## Work item
Return, exactly and with nothing added, the line with "Amortyzatory tył audi A6 C5 kombi" together with all lines after it through the end of the data below. No pictures belong in the copy.

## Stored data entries
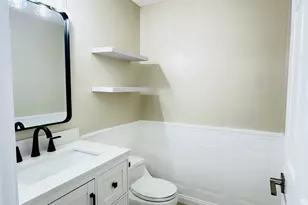 2 Highland Square, Avon, CT 06001 - Photo 17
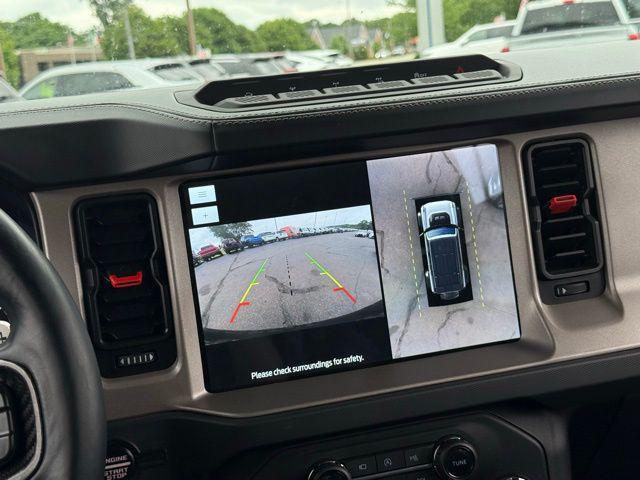 Photo of 2023 Oxford White Ford Bronco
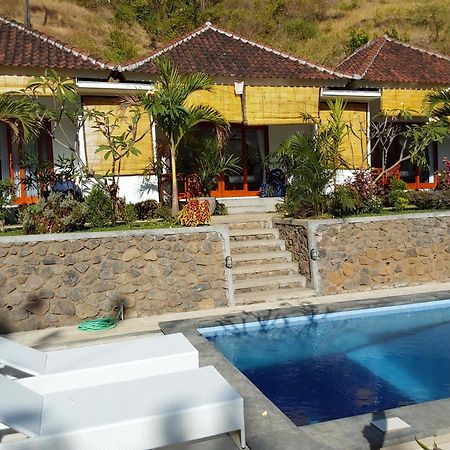 Okaoki Homestay Amed  Exterior photo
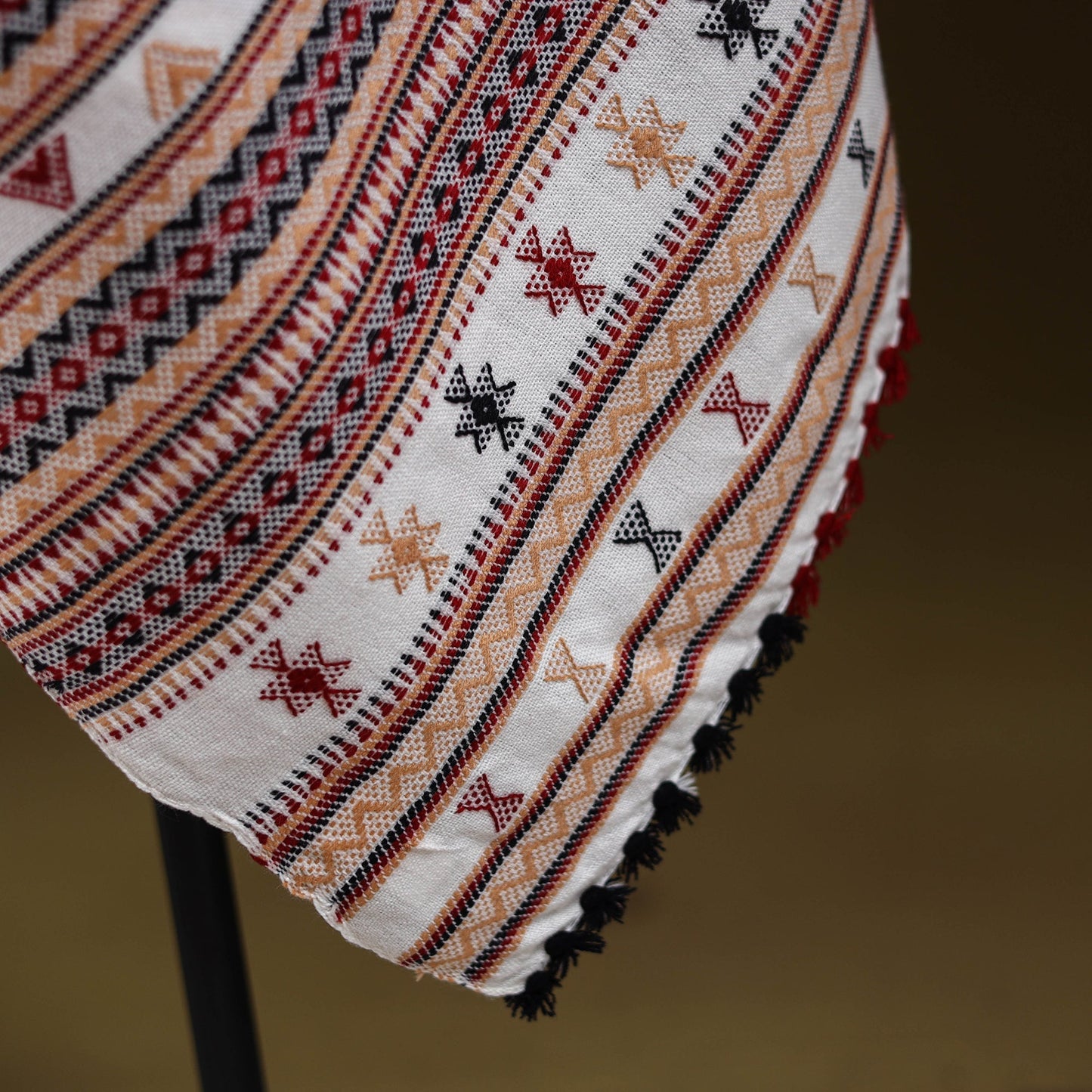 White - kutch bhujodi handwoven acrylic wool shawl 156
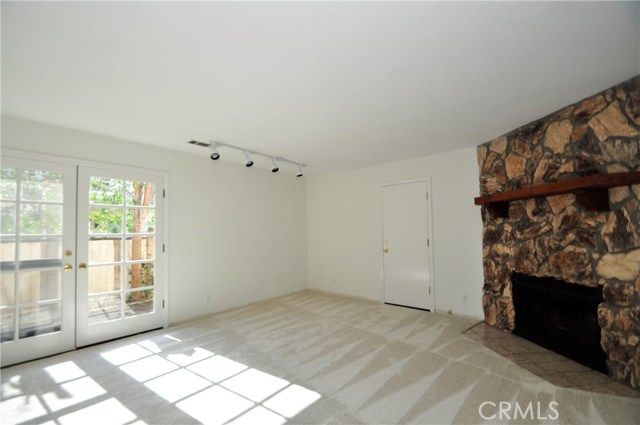 2404 Huntington Lane, Redondo Beach, California 90278, 3 Bedrooms Bedrooms, ,2 BathroomsBathrooms,Residential,Sold,Huntington Lane,SB18166287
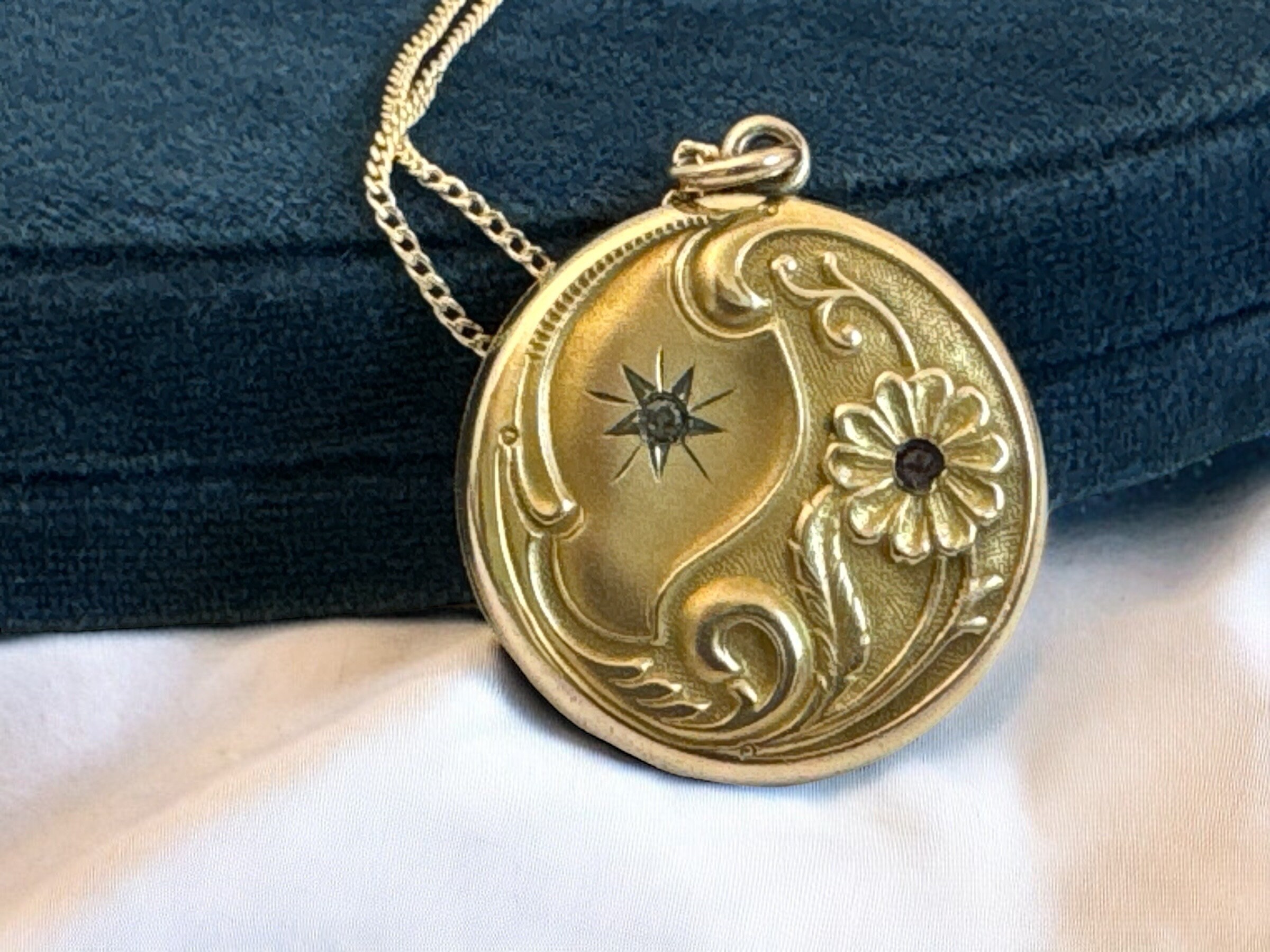 Gem locket deals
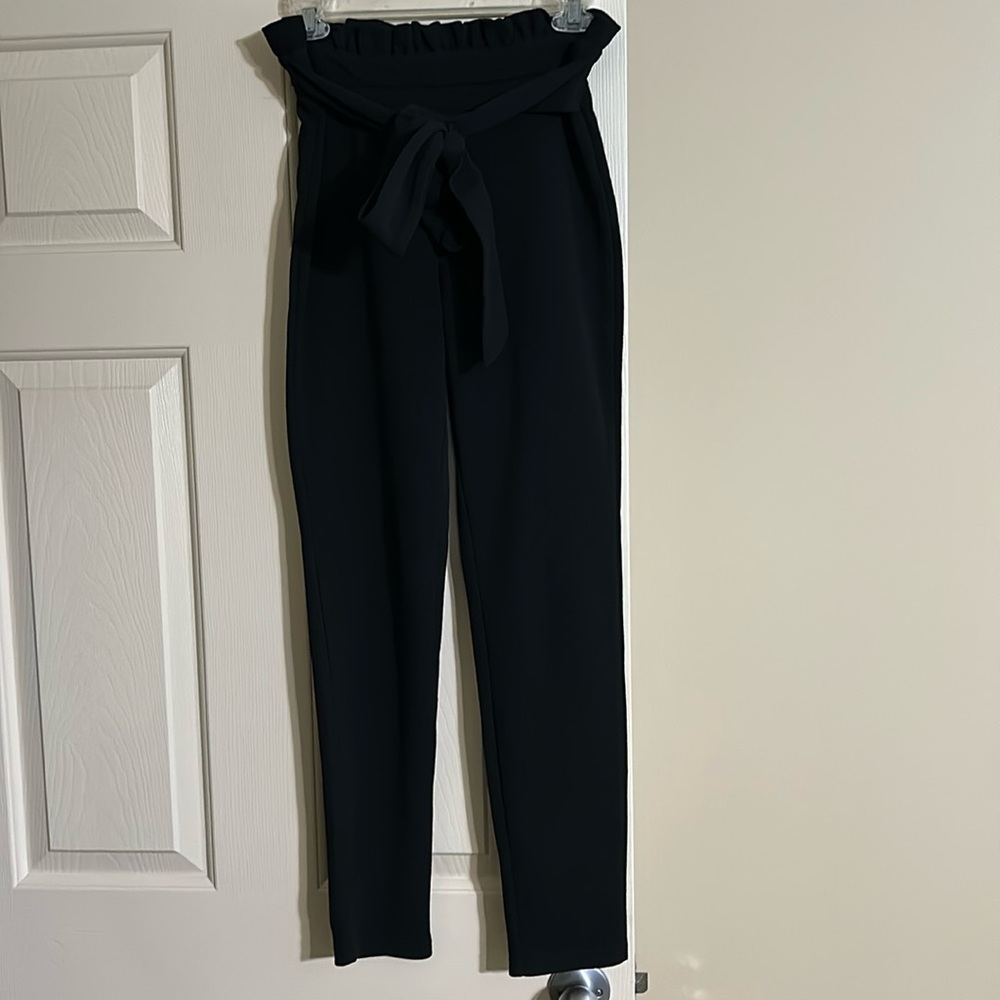 SHEIN dress pants with a tie size 4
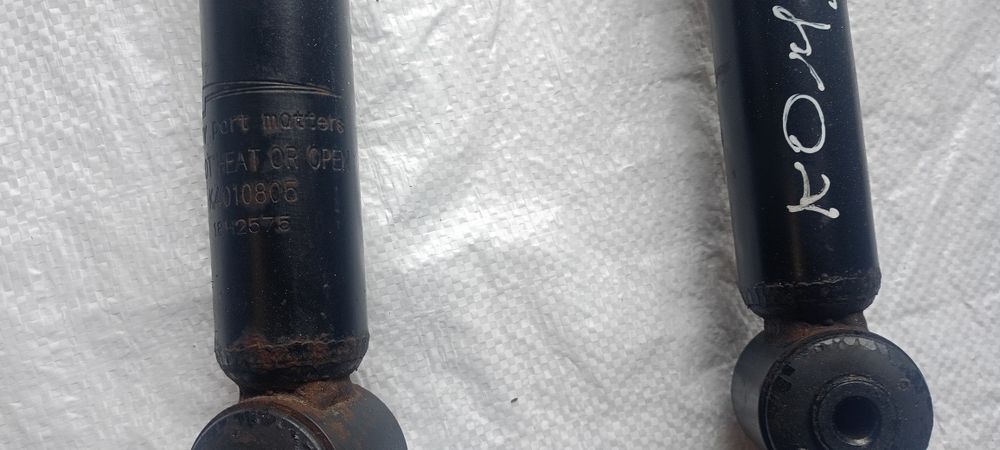 Amortyzatory tył audi A6 C5 kombi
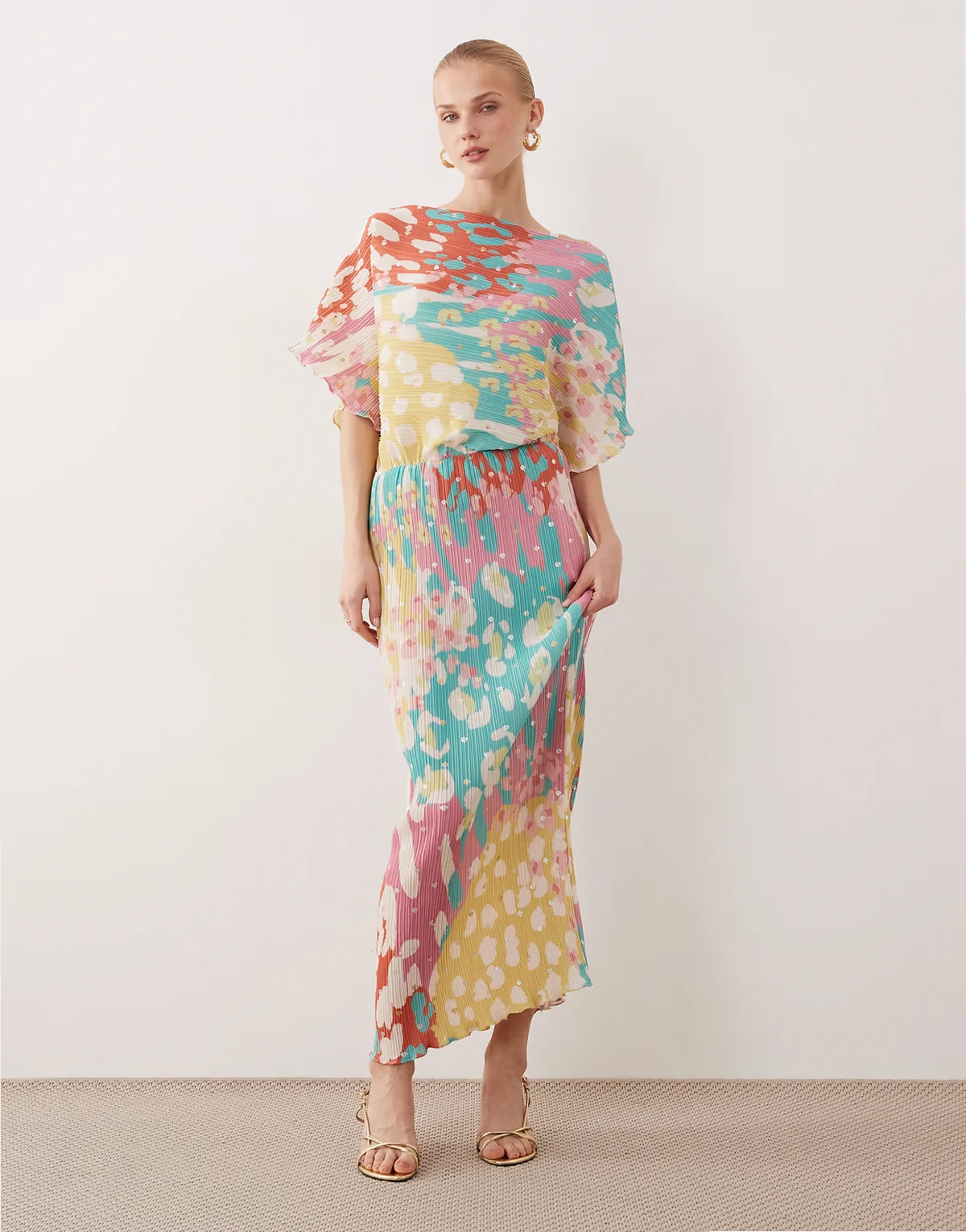 – Tilly – Schulterfreies, plissiertes Midaxikleid mit Muster in bunter Metallic-Optik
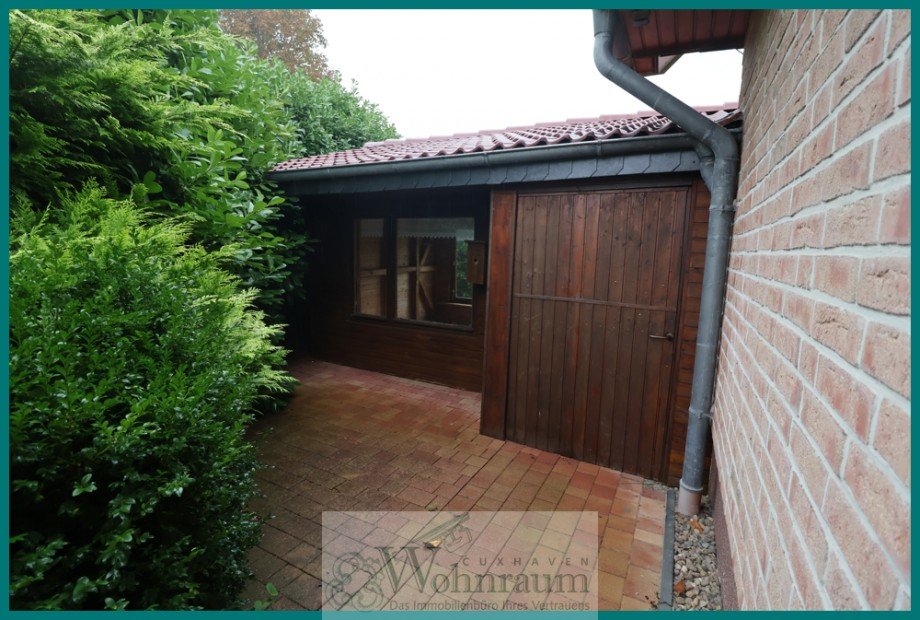 Gartenhaus mit Durchgang zum Garten Einfamilienhaus Padingb�ttel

## Solution for this exercise
 Amortyzatory tył audi A6 C5 kombi
 – Tilly – Schulterfreies, plissiertes Midaxikleid mit Muster in bunter Metallic-Optik
 Gartenhaus mit Durchgang zum Garten Einfamilienhaus Padingb�ttel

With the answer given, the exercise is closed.